For this purpose, we’ll take the most oft-searched questions from Google around the topic and answer them as succinctly as possible but without skipping any vital facts. 

Are there any interesting questions you had about jamón that we’ve missed? Don’t be shy - let us know, and we’ll do our best to answer it as soon as possible.

What is Jamón?

Jamón is a Spanish word for ham, and as such, technically, it’s an umbrella term encompassing multiple types of ham and ham-like products in countries where Spanish is the first language. So don’t be surprised if you visit a butcher shop in Spain and find multiple products marked as jamón

But what we, English speakers (and the rest of the world), refer to as jamón is a very specific type of salt cured meat.

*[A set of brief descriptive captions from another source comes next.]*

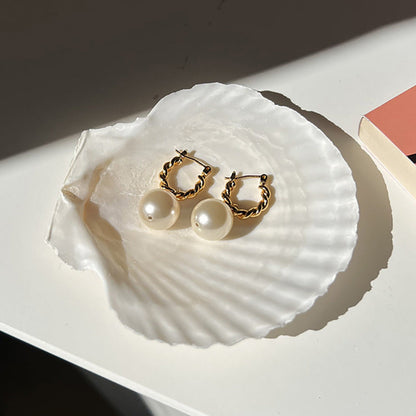 Romantic Pearl Earring for Special Moments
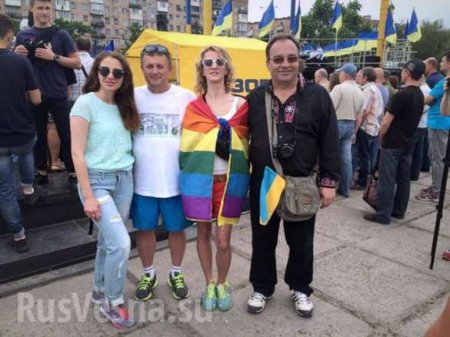На военном параде в Мариуполе бойцы ВСУ и Ляшко поддержали марш извращенцев в Киеве (ФОТО)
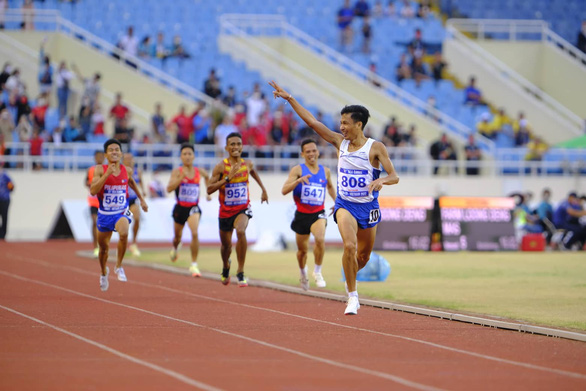 Vô đối ở nội dung 5.000m, Nguyễn Văn Lai vừa về đích vừa thoải mái... chào khán giả - Ảnh 2.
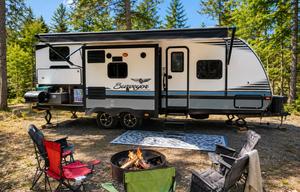 Surveyor 247BH Dog Friendly + Bunkhouse + Island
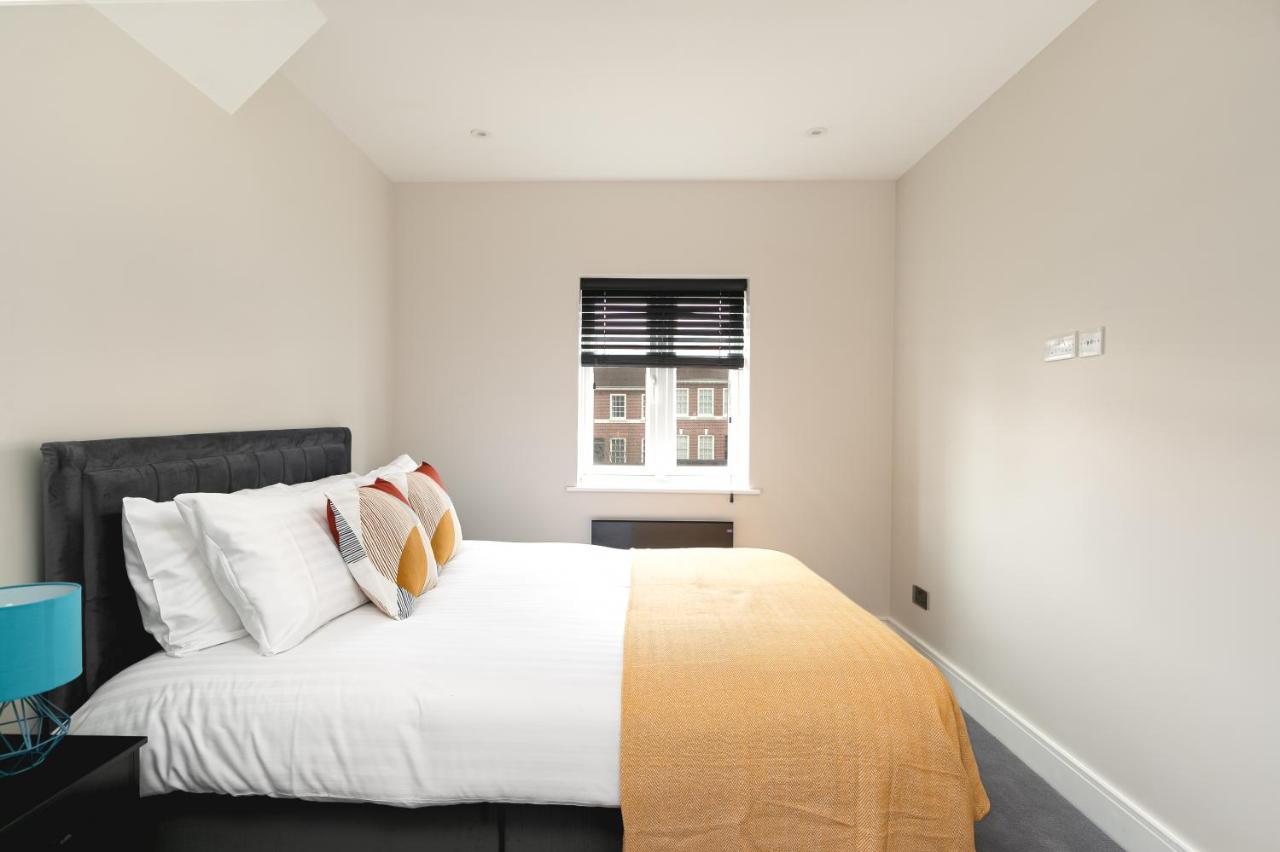 Skyvillion - Cozy Large 4 & 1 Bed Apartments In London Enfield, Mins To Tube Station, Free Wi-Fi Екстериор снимка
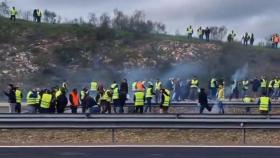 Imagen de los antidisturbios disuaden a los agricultores en Mérida usando gases lacrimógenos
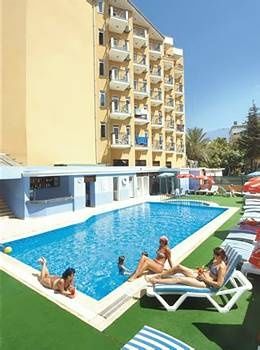 Riviera & Hotel 4*
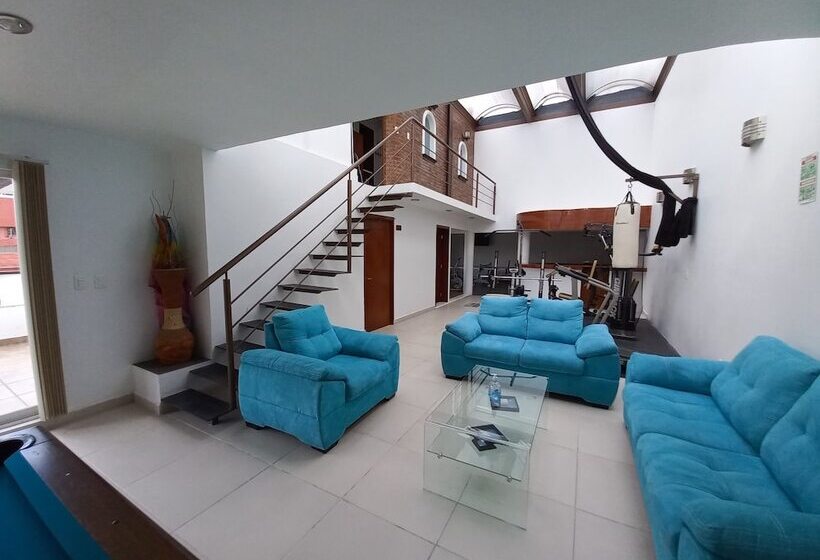 مبيت وإفطار La Aurora Hotel Like Home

It’s made from a pig’s hind leg and is always labeled either Jamón Serrano or Jamón Ibérico to distinguish: 

  1. From other hams and ham-like products, especially those made from different meats (ex., venison, beef, poultry, etc.); since Jamón Serrano and Jamón Ibérico are not only exclusively pork-based products, they can’t be made with any other cut of meat; 
  2. From each other, as they’re made from different pig breeds, and the pig breed has a rather significant impact on the texture, flavor, grade, and price of the final product. 

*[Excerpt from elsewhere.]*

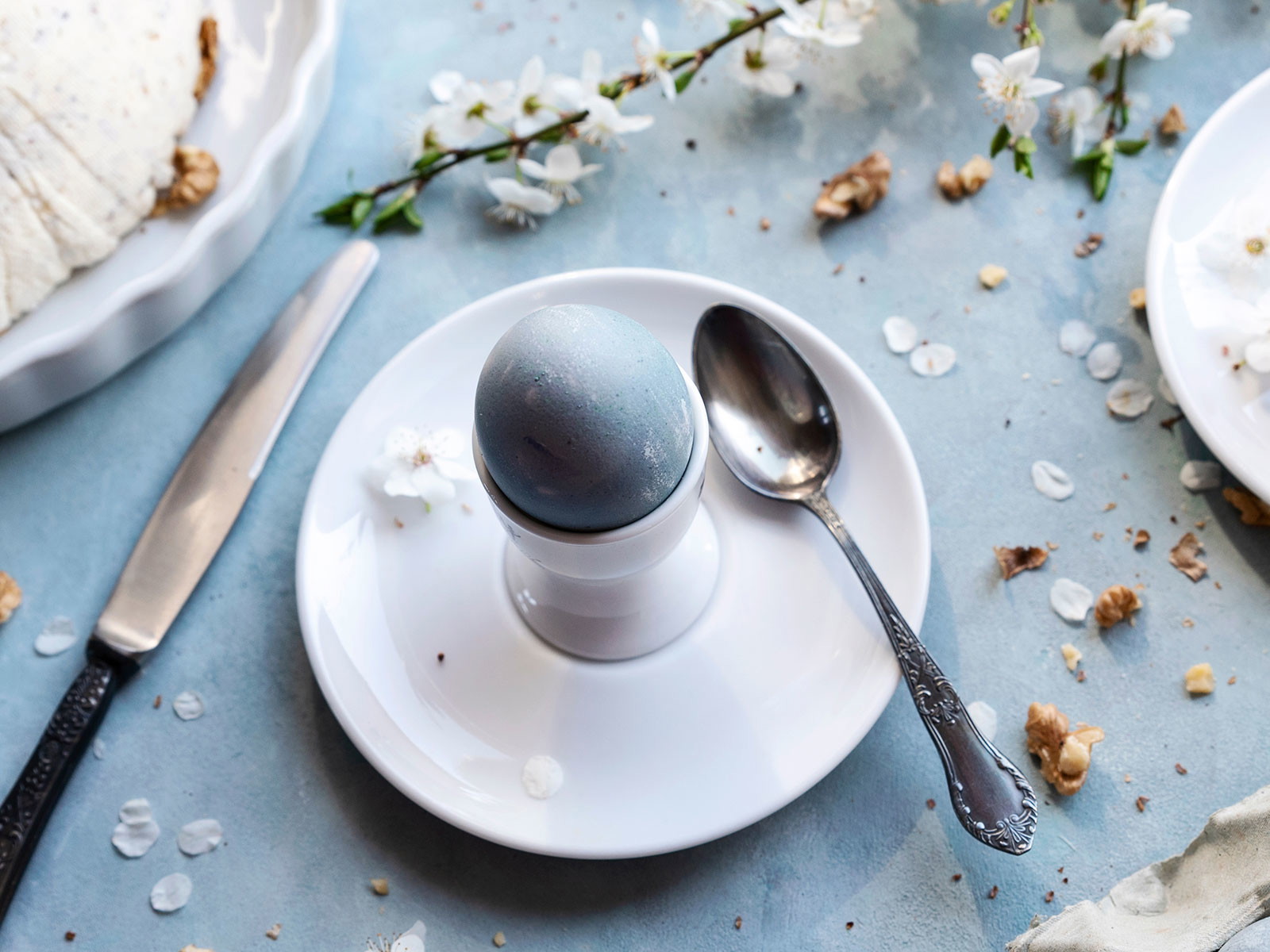Pastellfarben und frische Blumen machen jede Ostertafel perfekt.&nbsp;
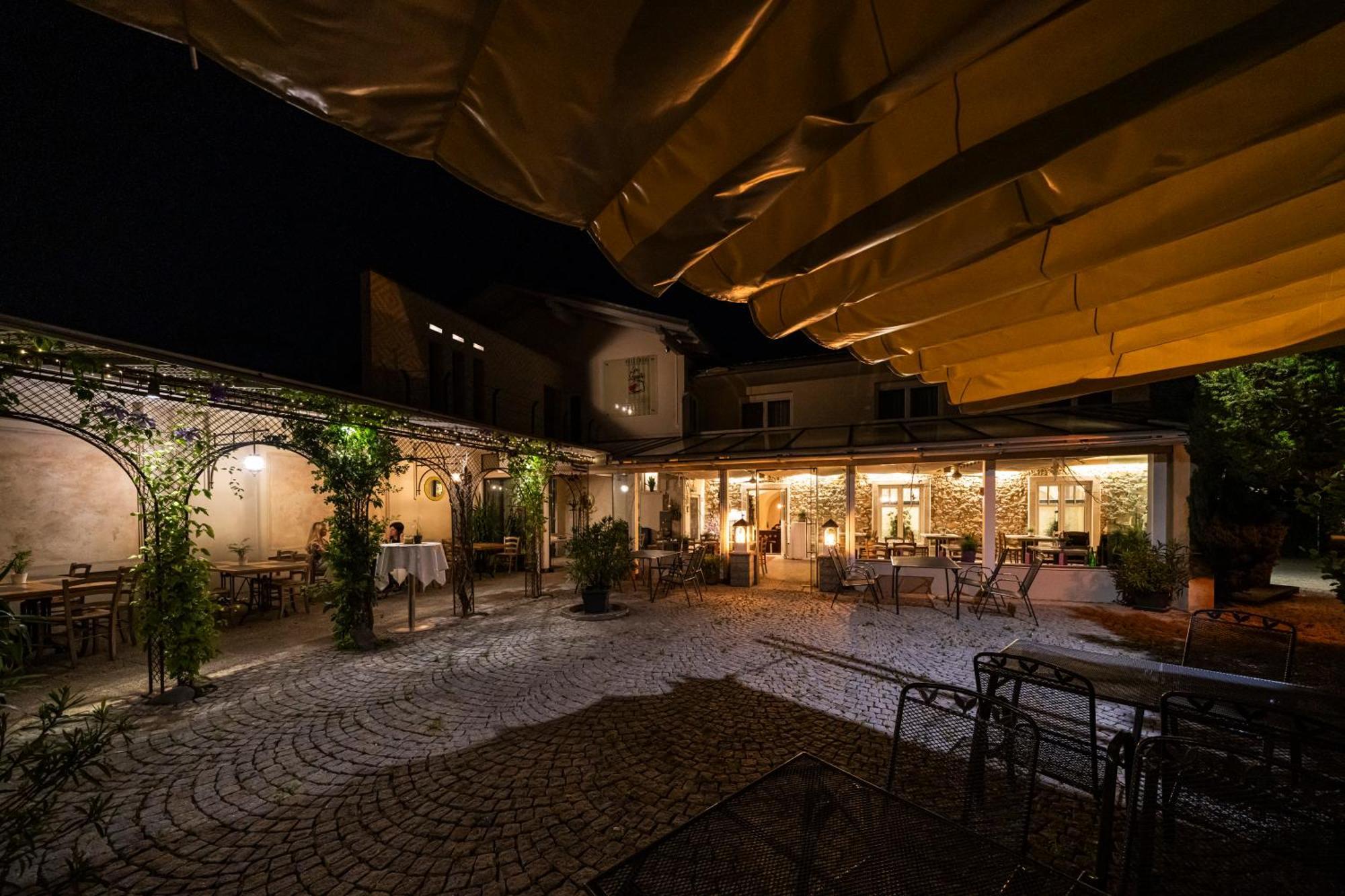 Gaestezimmer La Storia Rosegg Esterno foto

Classic salt cured Jamón Serrano and Jamón Ibérico are traditionally very thinly sliced and somewhat resemble Italian prosciutto in appearance.

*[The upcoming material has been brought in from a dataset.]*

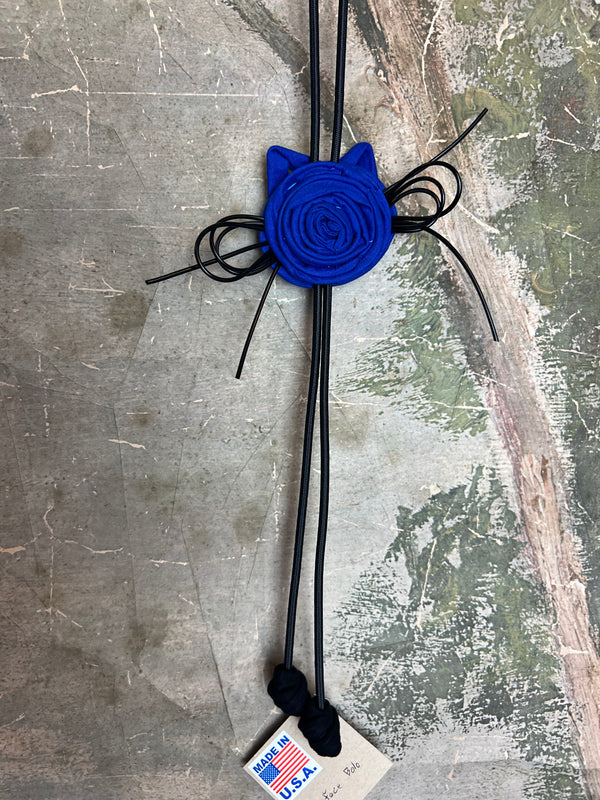 26N136 Kitty Cat Bolo Necklace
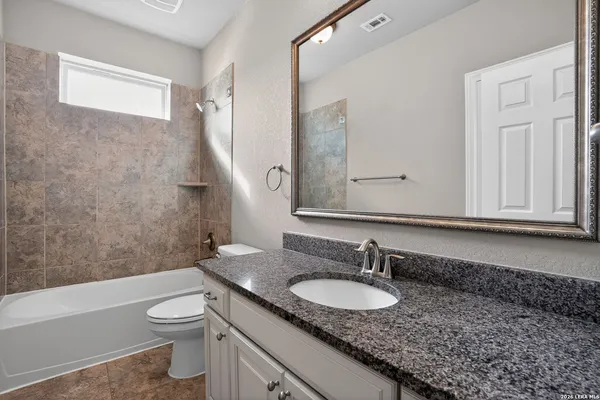 $3,700 | 18039 Branson, San Antonio, TX 78255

What’s the difference between Jamón Ibérico and Jamón Serrano?

The most significant difference between the two is the breed of pig used in production. 

Jamón Serrano is Spain's most common salt cured meat product and accounts for over 90% of production. Certain Serrano varieties have been granted protected status, but those without designation can be made with any conventional pig breed (though gourmet-quality Serrano ham is usually made with Spanish white pig), as long as the hind leg is used and dried for a period of 7 to 18 months. 

Jamón Ibérico, on the other hand, can only be made with a hind leg of either Black Iberian pigs or a cross of Black Iberian with Duroc pig (with Iberian accounting for no less than 50%). It’s cured for no less than 12 months, but the process can last up to 4 years. Jamón Ibérico is a tightly regulated product. The percentage of the Ibérico breed, the breeding conditions of the pigs, and their diet are carefully controlled, as they all play a crucial part in determining the quality grade of the final product. Once packaged, Jamón Ibérico is given a “colored” label that indicates its quality.

You can read more about the types, grades, and labels of both Jamón Ibérico and Jamón Serrano in our guide that covers this information in-depth.

What's the Difference Between Jamón and Ham?

Simply put, jamón is technically ham; it’s the Spanish word for it. But what we refer to when we’re speaking about jamón is a particular product made from a specific cut of meat (pork’s hind leg), adhering to very specific manufacturing guidelines.

On the other hand, ham can be made from various types of meat and cured in multiple ways. As a result, multiple products, all called ham, can widely vary in texture, flavor, aroma, and quality.

But even if we were to narrow down and compare it with other European hams made from the same cut of meat as classic Spanish jamón, there would still be certain differences, most notably in the texture (drier and more uniform) and flavor (more intense), which is the result of jamón’s exceptionally long curing process.

What's the Difference Between Prosciutto and Jamón?

Italian prosciutto is made from the same cut of meat as Spanish jamón - a pig's hind leg - which is why they strongly resemble each other visually. However, appearances are where the similarities end. 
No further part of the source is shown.